Start of DATA BELOW

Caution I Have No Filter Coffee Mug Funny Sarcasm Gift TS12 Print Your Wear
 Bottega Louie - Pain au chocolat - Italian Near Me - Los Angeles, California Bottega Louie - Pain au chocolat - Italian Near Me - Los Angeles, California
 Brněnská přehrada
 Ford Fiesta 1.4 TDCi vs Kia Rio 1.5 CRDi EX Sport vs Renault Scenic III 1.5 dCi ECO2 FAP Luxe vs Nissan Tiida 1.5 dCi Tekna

End of DATA BELOW

WORK ORDER
Please write out the data again exactly as it stands.

RESPONSE BOX
Caution I Have No Filter Coffee Mug Funny Sarcasm Gift TS12 Print Your Wear
 Bottega Louie - Pain au chocolat - Italian Near Me - Los Angeles, California Bottega Louie - Pain au chocolat - Italian Near Me - Los Angeles, California
 Brněnská přehrada
 Ford Fiesta 1.4 TDCi vs Kia Rio 1.5 CRDi EX Sport vs Renault Scenic III 1.5 dCi ECO2 FAP Luxe vs Nissan Tiida 1.5 dCi Tekna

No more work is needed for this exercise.